Activity:
Beginning with the line that has "Obraz premium Aerial" and ending with the line that has "a living room with a blue", retype the entries below exactly, except for the pictures.

Material provided:
········
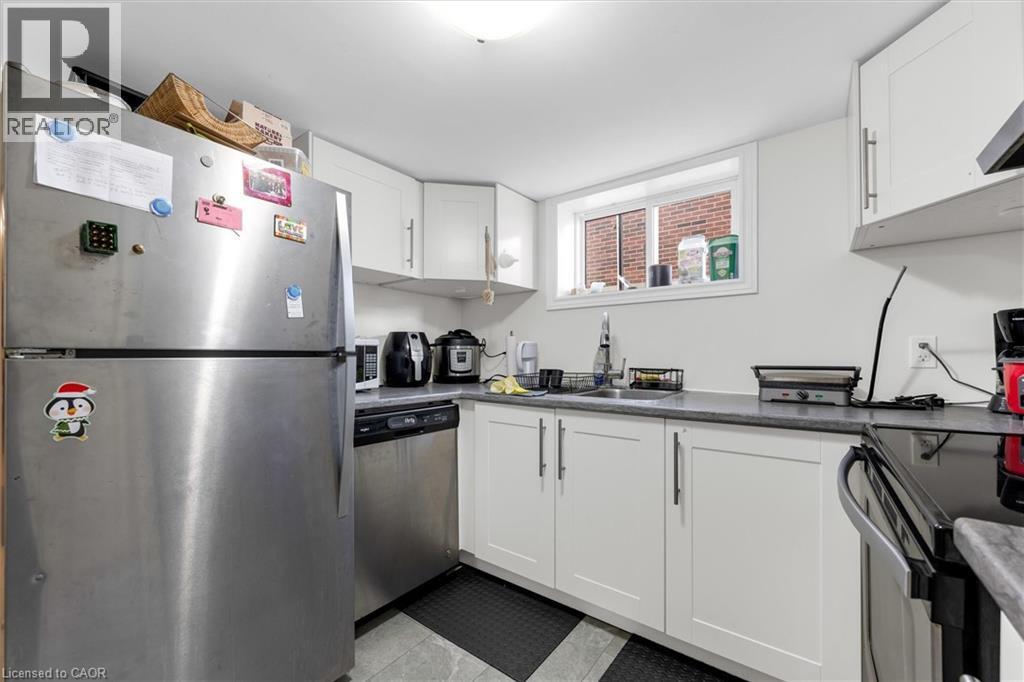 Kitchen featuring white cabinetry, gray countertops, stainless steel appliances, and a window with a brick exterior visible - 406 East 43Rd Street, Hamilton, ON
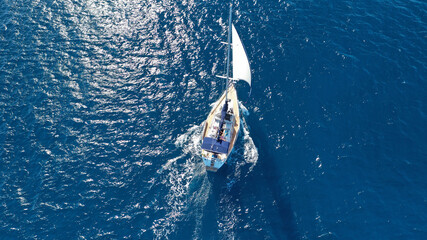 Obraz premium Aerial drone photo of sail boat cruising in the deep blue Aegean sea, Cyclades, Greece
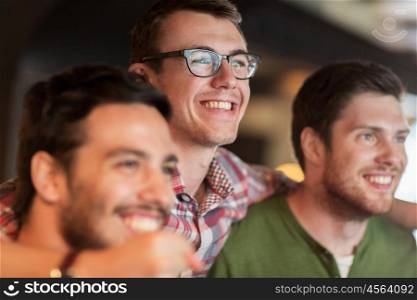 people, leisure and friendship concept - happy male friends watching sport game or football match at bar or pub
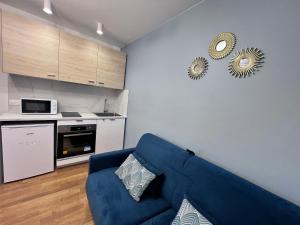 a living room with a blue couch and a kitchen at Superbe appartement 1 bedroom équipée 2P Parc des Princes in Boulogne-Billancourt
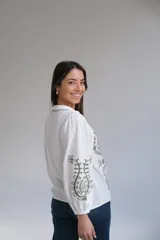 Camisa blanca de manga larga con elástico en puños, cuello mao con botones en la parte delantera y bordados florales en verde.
········
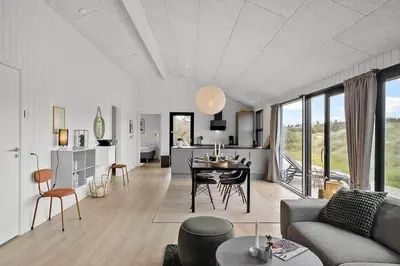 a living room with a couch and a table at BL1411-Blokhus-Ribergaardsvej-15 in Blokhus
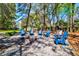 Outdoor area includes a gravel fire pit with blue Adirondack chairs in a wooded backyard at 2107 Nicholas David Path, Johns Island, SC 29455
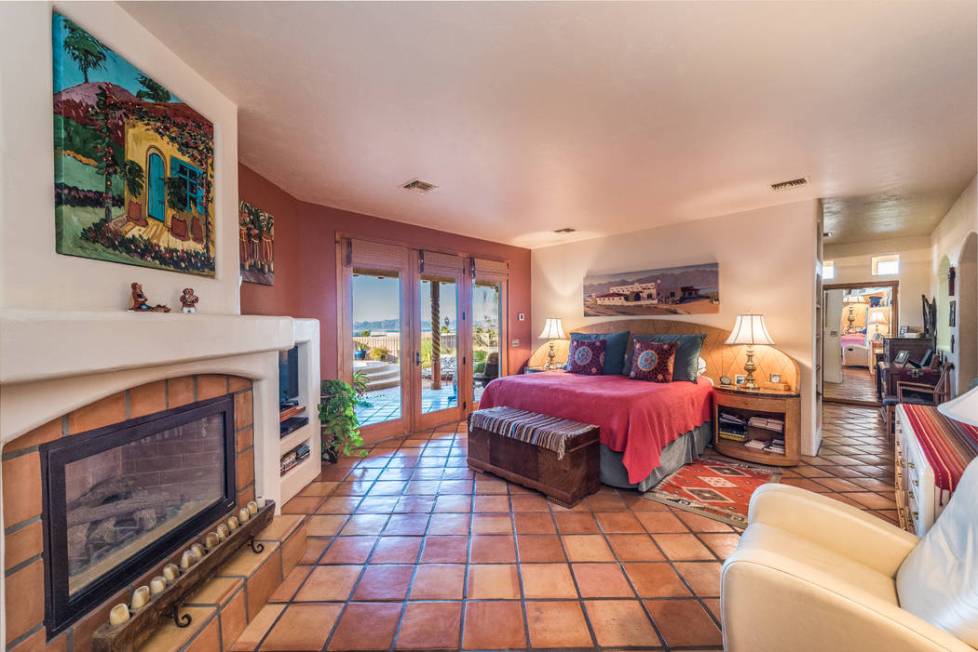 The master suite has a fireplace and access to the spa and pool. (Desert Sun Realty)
········
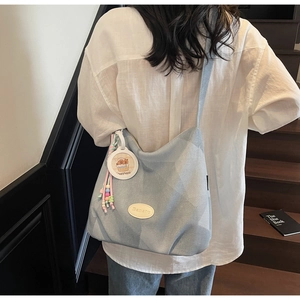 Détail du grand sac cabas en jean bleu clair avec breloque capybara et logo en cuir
········
Task solution:
 Obraz premium Aerial drone photo of sail boat cruising in the deep blue Aegean sea, Cyclades, Greece
 people, leisure and friendship concept - happy male friends watching sport game or football match at bar or pub
 a living room with a blue couch and a kitchen at Superbe appartement 1 bedroom équipée 2P Parc des Princes in Boulogne-Billancourt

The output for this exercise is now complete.